Emily Gauld, president of the Graduate Employees’ Organization, said the bill, which has not yet been scheduled for a vote, would be detrimental to the union and its members.
“It would force us to funnel our resources to the efforts for this regular recertification instead of using those resources to build a strong contract, improve working conditions for graduate workers and do the work that we feel we are supposed to be doing as a union,” Gauld said. “It would very clearly have a very negative impact on the union as a whole.”
Under Senate Bill 1260, a majority of workers associated with public employee unions would have to vote to recertify the organization in even numbered years. Arlan Meekhof, the Republican state Senate majority leader, introduced the bill on Dec. 4, and it was voted out of committee the next morning on a party-line vote. The bill is now being considered before the full Senate, and a vote is expected sometime this week. If it passes, it will move to the lower chamber for a vote there.

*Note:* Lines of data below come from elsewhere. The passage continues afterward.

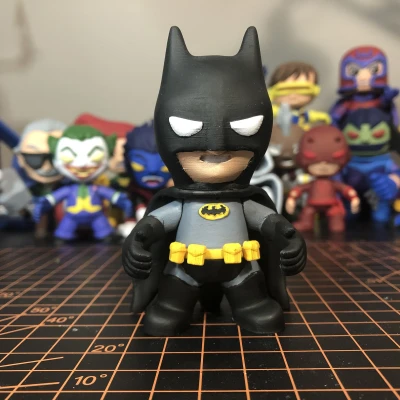 Mô hình Batman Mini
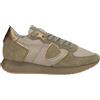PHILIPPE MODEL - Sneakers - Verde militare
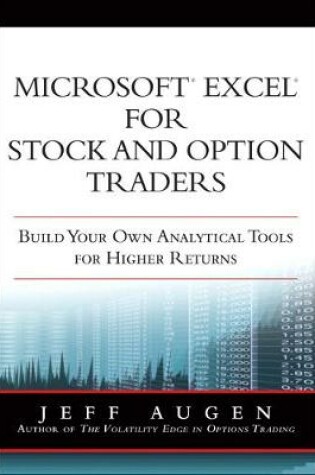 Cover of Microsoft Excel for Stock and Option Traders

Members of GEO and the Lecturers’ Employee Organization have launched a phone banking operation and made trips to Lansing to protest SB 1260. Ian Robinson, LEO president and sociology lecturer, and other local union representatives met with state lawmakers from both parties to explain their opposition to the bill.

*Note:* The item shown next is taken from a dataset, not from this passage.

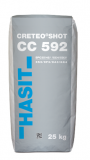 Creteo®Shot CC 592 25kg Sack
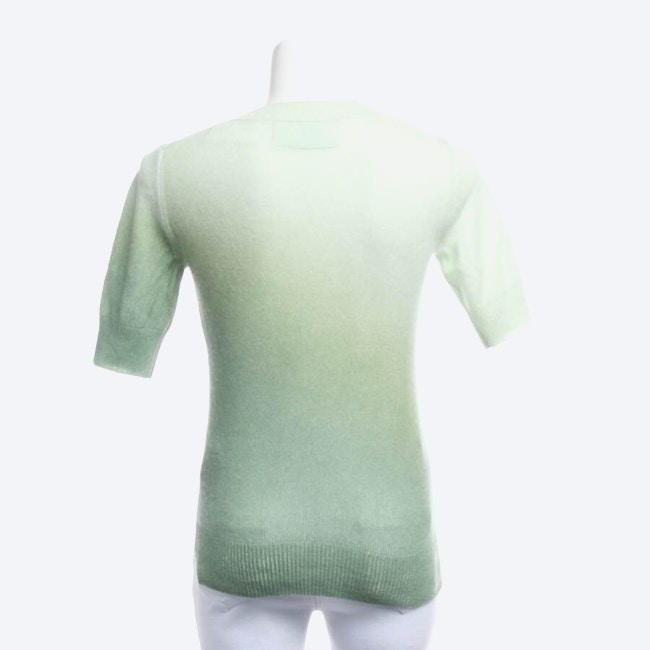 Image 2 of Shirt 32 Green in color Green | Vite EnVogue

“If you want to bleed unions dry, at a minimum, you get to make them waste this money on elections every two years fighting decertification,” Robinson said. “You’re just wasting the union’s resources and that’s really what they want.”

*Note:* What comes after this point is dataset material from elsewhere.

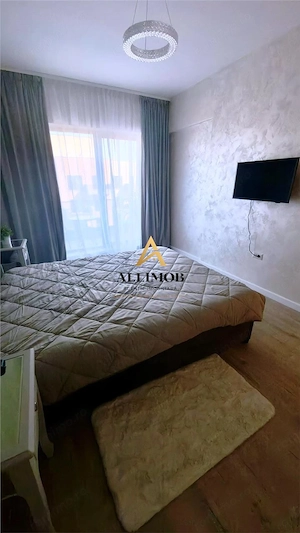 Apartament NOU 2 camere in Ploiesti,  MRS Residence Gradinile - imagine 6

He noted the bill followed the model developed by the American Legislative Exchange Council, a conservative interest group with ties to Republican mega-donors Charles and David Koch. According to Governing magazine, ALEC has outlined an agenda for the coming year seeking to erode the power of unions at the state level.
In a newsletter to constituents, state Rep. Yousef Rabhi, D-Ann Arbor, outlined a list of controversial bills lawmakers were set to consider before the end of the year, including other anti-union measures such as SB 796 and HB 6474, very similar proposals which would prohibit contracts for public employers that allow paid leave for union-related activities.
“These activities include arbitration, bargaining, and discipline hearings,” Rabhi wrote in an email interview. “Corrections officers and transit authority employees would be exempt; the bills are largely aimed at public school employees. I will oppose this and other attacks on public school teachers’ freedom to efficiently and effectively organize for better working conditions.”
Rabhi noted the “many controversial pieces of legislation” were typical for sessions held between elections and the end of the two-year legislative term, known as lame-duck sessions.
Gauld said lawmakers’ efforts to pass legislation during this period were contrary to democratic principles.
“Doing this in the lame duck really undermines democracy,” Gauld said. “This is really one of the most undemocratic practices in our government: that we can see something that is clearly what the people want and try to take that off the table without any consensus, vote or repercussions.”
Robinson acknowledged previous lame-duck sessions had seen similar attempts to pass controversial legislation, but not to this extent.
“There’s always some of this happening, but this is an extraordinary one in terms of the number of really important pieces of legislation that are being rammed through very, very quickly with almost no discussion and very, very little, if almost no testimony from people who are critical of them,” he said.
Robinson said if SB 1260 passed in the upper chamber, LEO and GEO would continue to fight the bill and work to stop its passage in the state House.
“If it passes the Senate, we will continue doing what we’re doing, and if possible, ramp it up to make an impact on the House, where the Republican majority is smaller,” he said. “If it’s going to be stopped somewhere, it’s more likely to be stopped in the House than in the Senate, frankly.”
However, according to Rabhi, because of the current Republican majorities in both chambers, most of the controversial legislation being considered “is likely to wind up on the governor’s desk to be vetoed or signed into law.”
Gauld said if the bill became law, the union members would strike a balance between fighting the legislation and adapting to it.
“I think that we would have to do a little bit of both out of necessity, but I think our focus would be on trying to fight it,” Gauld said. “Our efforts would be strongly focused on ways that we could fight this and organizing against it to show that this is something that really matters to us.”